Prepared: Infant Feeding Through Natural Disasters

Infant feeding in natural disasters plan

Have you thought about preparing for the unthinkable?

Many of us never think about what we would do if we suddenly had no running water to clean and sanitize our pump parts and feeding supplies. Or if we had no access to clean drinking water to help maintain a hydration level that supports healthy milk supply.

The added stress of a natural disaster can take its toll on our ability to produce milk. Have you ever thought about the many ways that being without power complicates something as seemingly simple as feeding our babies?

So, let’s talk a little about preparation, and about what you can do now to be more prepared for these emergency situations in the future.

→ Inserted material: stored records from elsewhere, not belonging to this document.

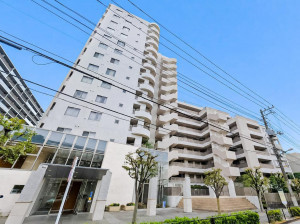 板橋区加賀、中古マンションの外観画像です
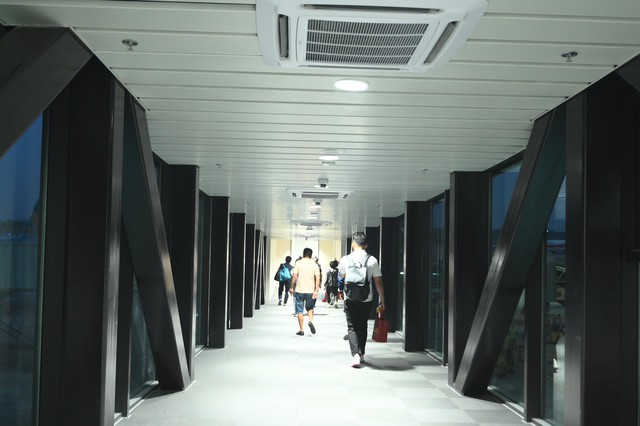 Chuyến bay đầu tiên cất cánh, nhà ga 10.990 tỷ đồng của Việt Nam chính thức ghi tên vào bản đồ hàng không - Ảnh 14.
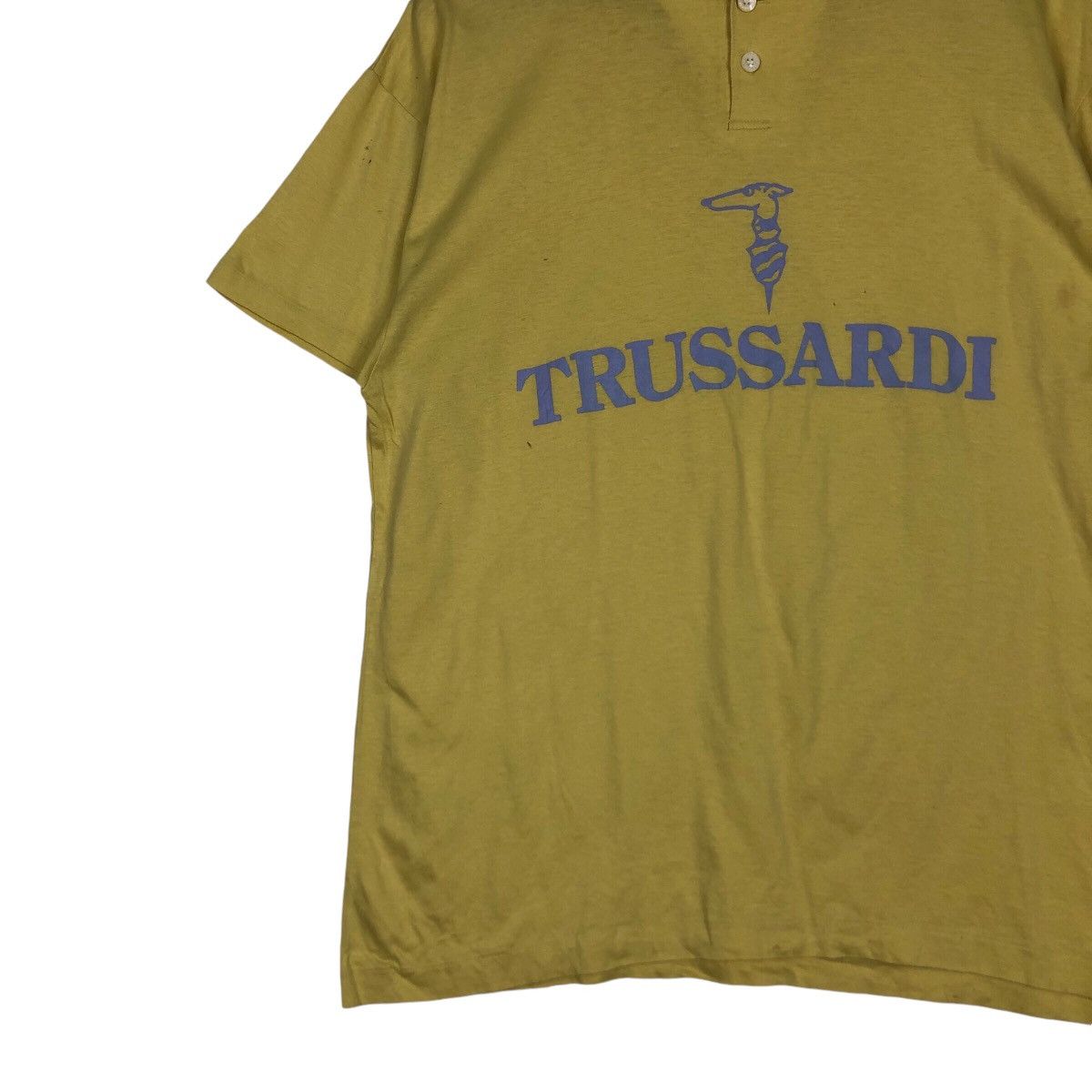 Japanese Brand × Trussardi Vintage Trussardi T-shirt Vintage Material Solf Medium Size US M / EU 48-50 / 2 - 3 Thumbnail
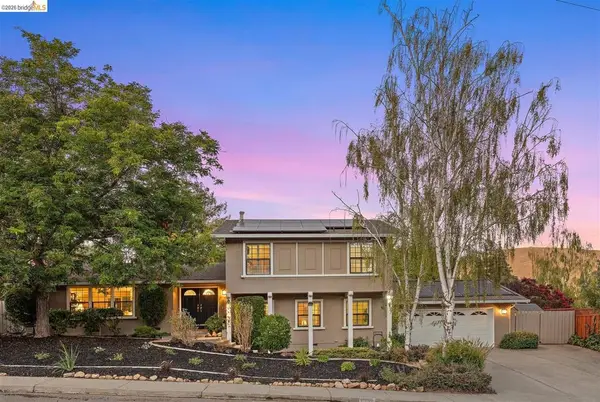 1235 Larch Ave, Moraga, CA 94556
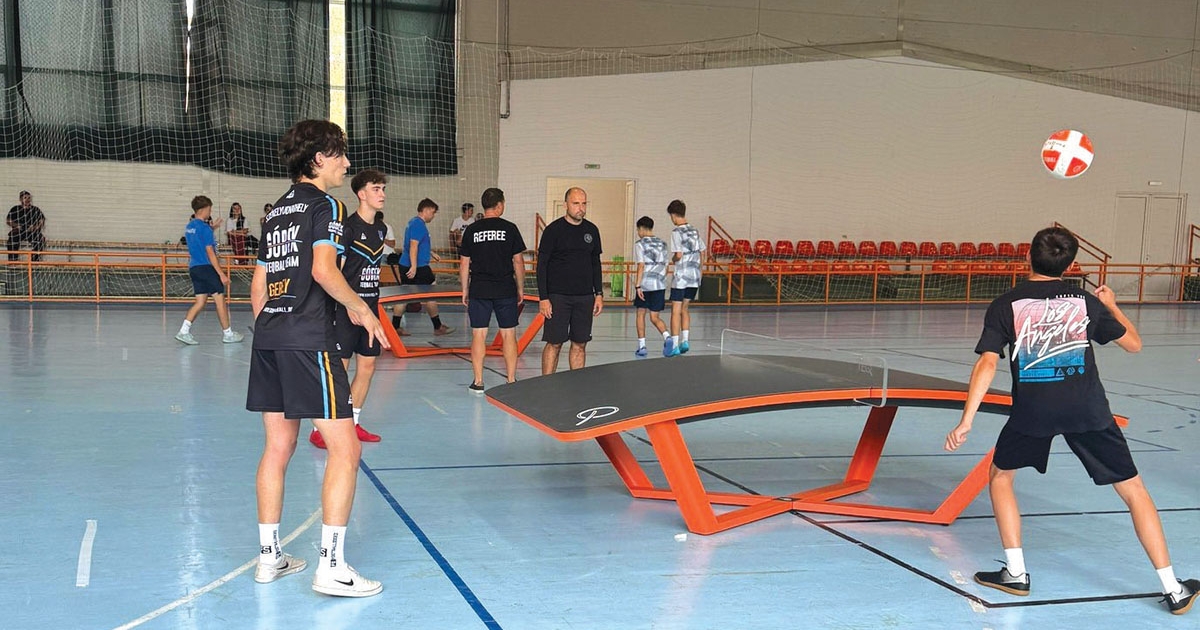 Karnyújtásnyira  a kontinenstorna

A good rule of thumb is to have 3 days worth of supplies stored away. There are some great lists out there for general preparedness (check your state department for lists most applicable to your part of the country). However, there is a lack of cohesive information with regard to infant feeding, hence the reason for this article.

Here are our recommendations for various emergency scenarios, as they relate to effectively pumping, breastfeeding, or combination feeding:


Create an Emergency Breastfeeding/Pumping Kit

Don’t get caught completely off guard by an unforeseen emergency situation! Whether it’s a short loss of power due to a thunderstorm, or a days-long loss of water or electricity due to a larger natural disaster, these supplies can help get you through with minimal disruption to your feeding routine.

Supplies List:

Some Emergency Scenarios and how these products can be useful:

Loss of Electricity:

A manual pump like the Medela Harmony can be a lifesaver, and a fantastic accessory to have on hand. Hand pumps are usually small, inexpensive, and portable, which makes them useful for travel as well as emergency scenarios from power outages to electric pump malfunctions! Some electric pumps have the ability to be converted to manual mode and used by hand, using a Breast Pump Switch Kit. Check your pump’s user manual to see if your pump can do this, then print out the instructions so that you have them handy if needed.

Learning and practicing effective hand expression techniques can also bring a lot of peace of mind for periods of time when you may be unable to access your pump. [Learn about hand expression here.]

Learn about options for using alternative sources to power your pump. Does your pump manufacturer make a vehicle adapter that lets you use your pump with your vehicle’s power? Can your pump run on batteries when not plugged in? If neither of these options is available to you with your pump, consider a vehicle power inverter that converts your vehicle’s power source into an outlet to plug in and power your breast pump and other devices.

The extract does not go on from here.